By way of contrast, the traditionally secretive UK Government is today making available data on 195,000 items of spending for the first time ever. The Cabinet Office minister said "This government has the clear ambition is to make the UK the most transparent and accountable country in the world." The Guardian has a live blog on the experiment and diverse opinions on the benefits of openness.


Hugh Sheehy said...

For once I can agree with something that TASC says. That doesn't happen often, but it did today.

porta porta said...

Porta, from Athens/Greece
go have a look on our Loan Facility Agreement!!! be careful mates. Dont give up your country to the Bankers. EVER.
Download the Contract and go through the terms&conditions!
my best

Donal said...

Great Point
"In 1766, when a new young radical government came to power convinced that only transparency could deal with the corruption that was looting the Swedish state and society Freedom of Information Act was passed…All documents within the public sector are in the public domain so people can actually check and hold the people in power accountable for their actions…. Freedom of Information… is still a bedrock for transparency and accountability in Swedish democracy…You don’t have to tell why they want to see a document or you don’t even have to give a name…You can even read official letters before they arrive in politicians’ intrays………Yea, Freedom of Information does mean you sacrifice some personal privacy…Of course, Freedom of Information isn’t universal in Sweden. If you really want to hide information you can. But you have to work quite hard to keep things secret. The exemptions are limited and very specific.”
For more on this, see my
1) posting on

2)letter against restricting of 1997 FoI Act published in March 2003 in Sunday Business Post

Tomboktu said...

Brian Lenihan's wording in the Dáil on Thursday, which the Examiner cited:

"The job of Government is to protect the taxpayer. That is what we have been doing and what we are now doing. "

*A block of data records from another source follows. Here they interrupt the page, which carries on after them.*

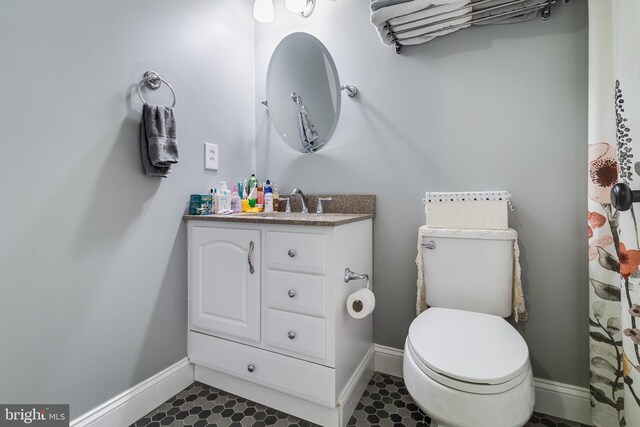 7001 Locust Ct, Owings, MD 20736 - bathroom with vanity, baseboards, and toilet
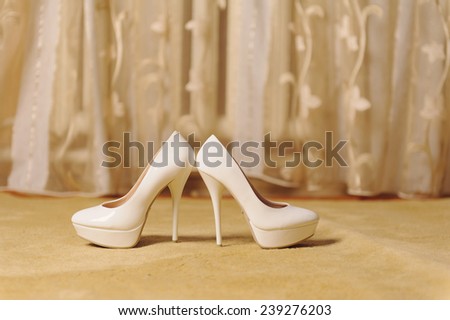 white shoes with high heels on floor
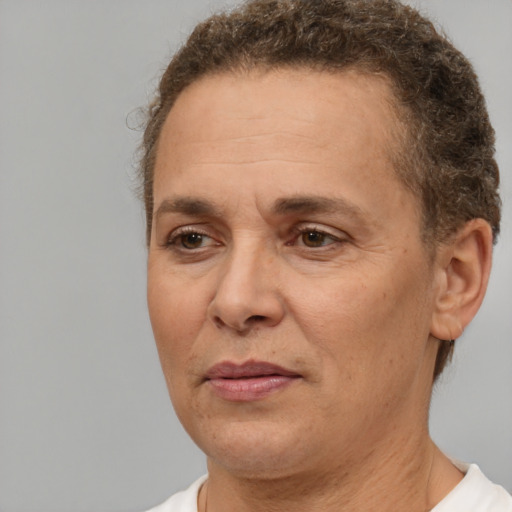 Joyful white adult female with short  brown hair and brown eyes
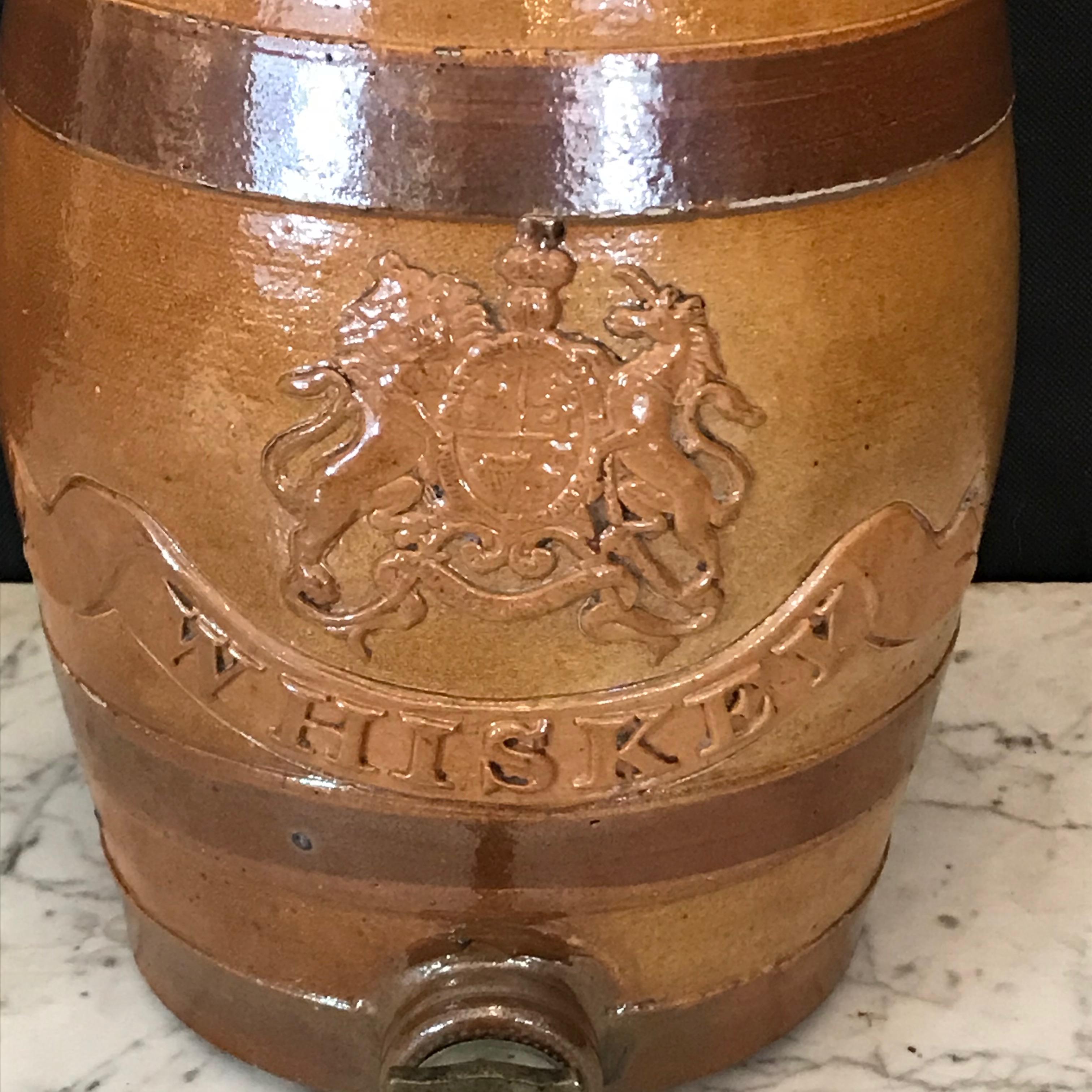An English stoneware spirit barrel from the mid-19th century. The glazed body is shaped like a barrel decorated with low-reliefs depicting the United Kingdom’s royal coat of arms, complete with a lion on the left and a unicorn on the right. Above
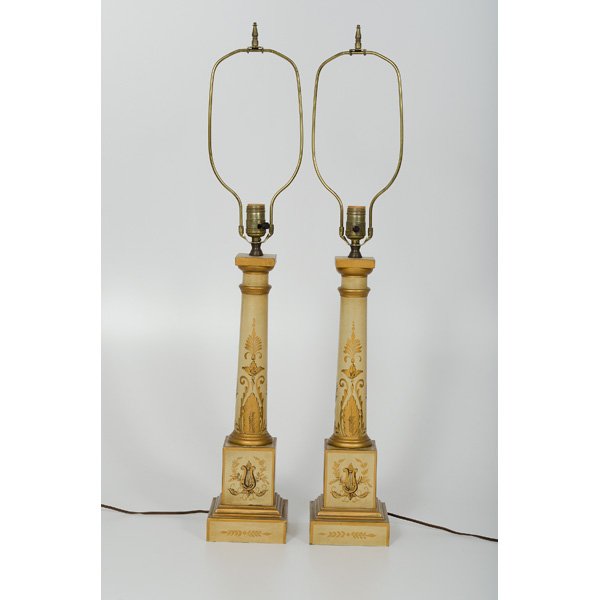 French Tole Painted Table Lamps : Continental. A pair of French tole painted columnar-form lamps on a pedestal base, each with painted classical decoration including lyres, cornucopia, and acanthus leaves, unmarked; ht. 19 in, over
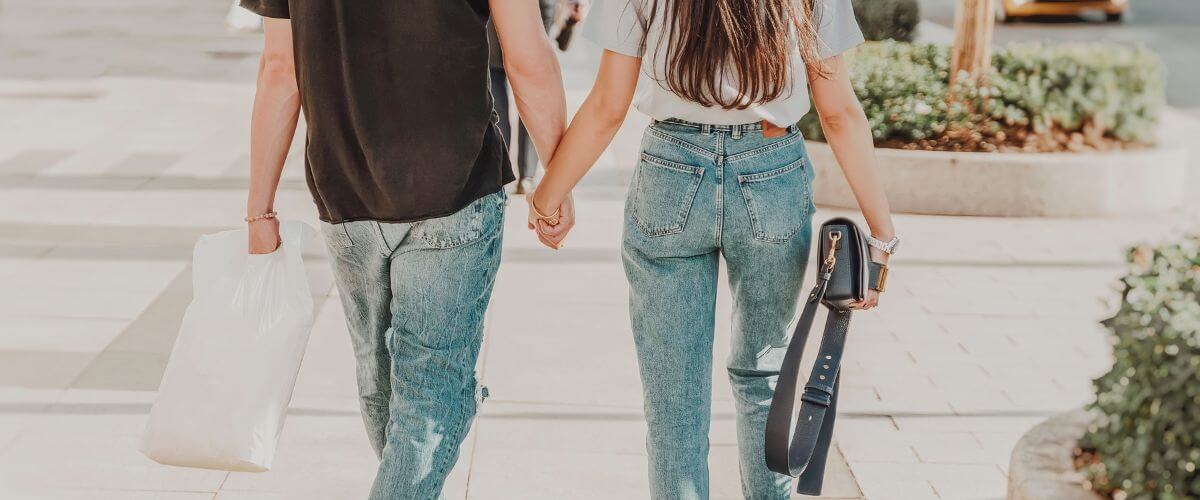 Couple hold hands as they shop learning skills that build a life together.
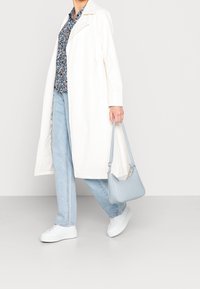 Un leggero cappotto bianco sopra una camicia floreale, abbinato a jeans azzurri e sneakers bianche. Una piccola borsa a spalla azzurra completa il look.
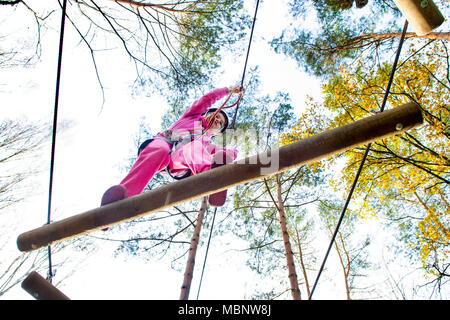 Giovane ragazza nel cablaggio di arrampicata e cercando strutture in un parco avventura. Foto Stock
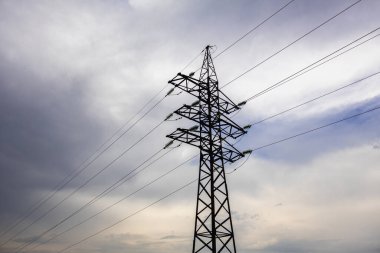 Bulutlu bir gökyüzünün arka planında birçok kabloya sahip bir elektrik istasyonu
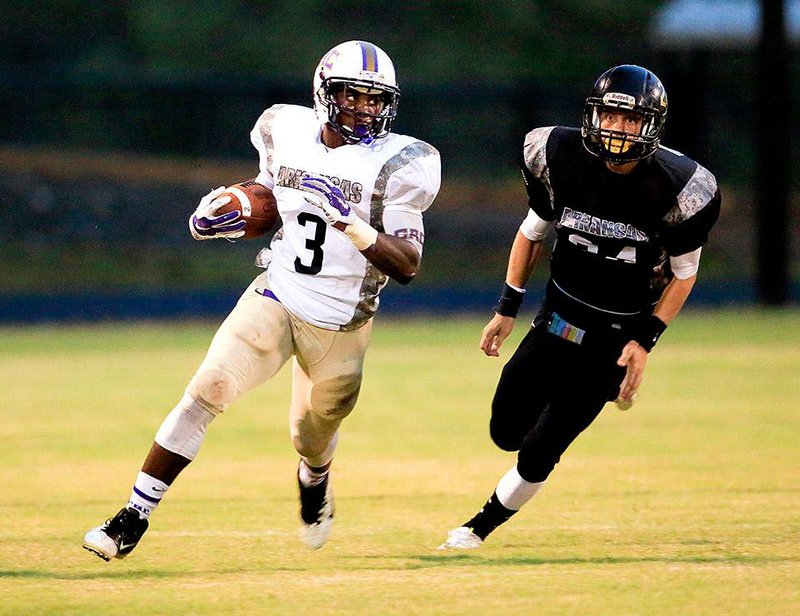 Central Arkansas Christian running back Braylon Harris runs past a Pulaski Robinson defender during Friday’s game. Harris carried 25 times for 192 yards in his team’s 28-21 loss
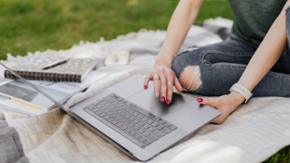 Eine Frau nutz ihren Laptop auf einer Decke im Park.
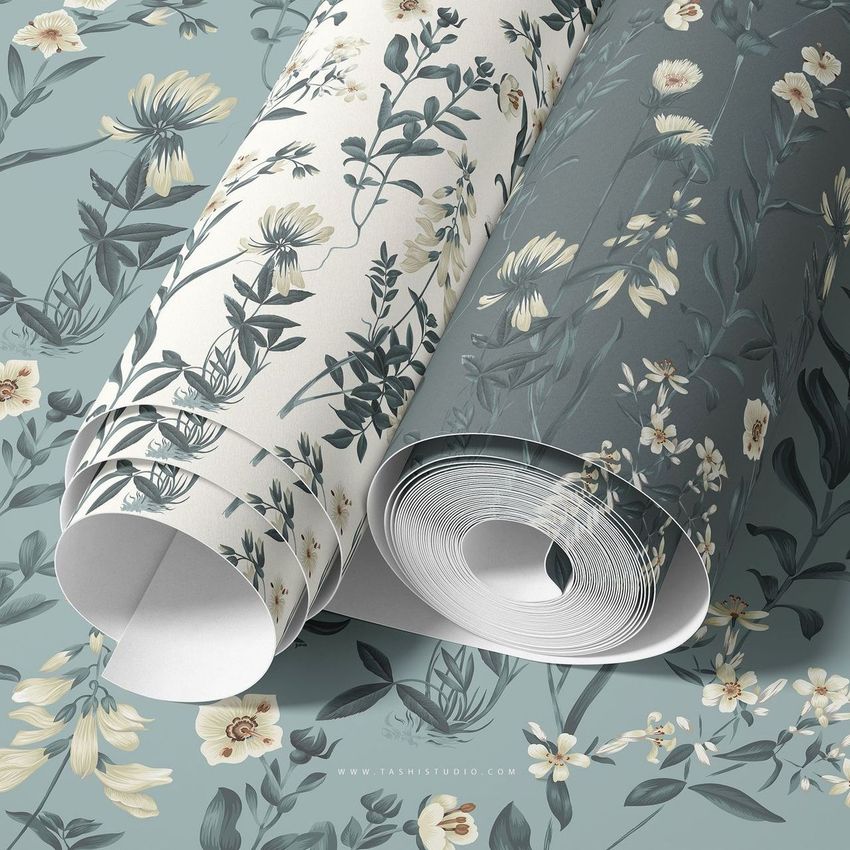 Paper wallpaper mockup featuring two rolled sheets with botanical floral patterns in muted blue and cream tones on a flat surface.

Frightening that it is the taxpayer, and not the citizen that he sees as the remit of the government's responsibility.

Rory O'Farrell said...

@ Donal

Interesting about Sweden. How about we make all emails in the public service public? There would have to be some excemptions, but I think it would be a good general principal.

Tomboktu said...

Adding to the point about Sweden:

A few years ago a fellow union activist who worked for a different employer from me told me about a trip he'd made to Norway to meet the Norwegian equivalent of his employer, a body representing a specialised industry. He was flicking through a copy of their industry magazine and say a table with the names of the officers of the association with amounts of money beside them. He didn't know Norwegian and asked what the article was about. It was the tax returns for the leaders of the association. It was explained to my union colleague that how much an individual pays in tax is public information in Norway, and that all trade journals -- whether for the printing industry or the salmon farmers, and all points in between, as well as magazines for unions -- routinely publish an annual list of how much tax key people in the sector or association paid in tax the previous year. And it's accepted as normal and reasonable practice: the tax you pay is regarded as legitimate information others have a right to know.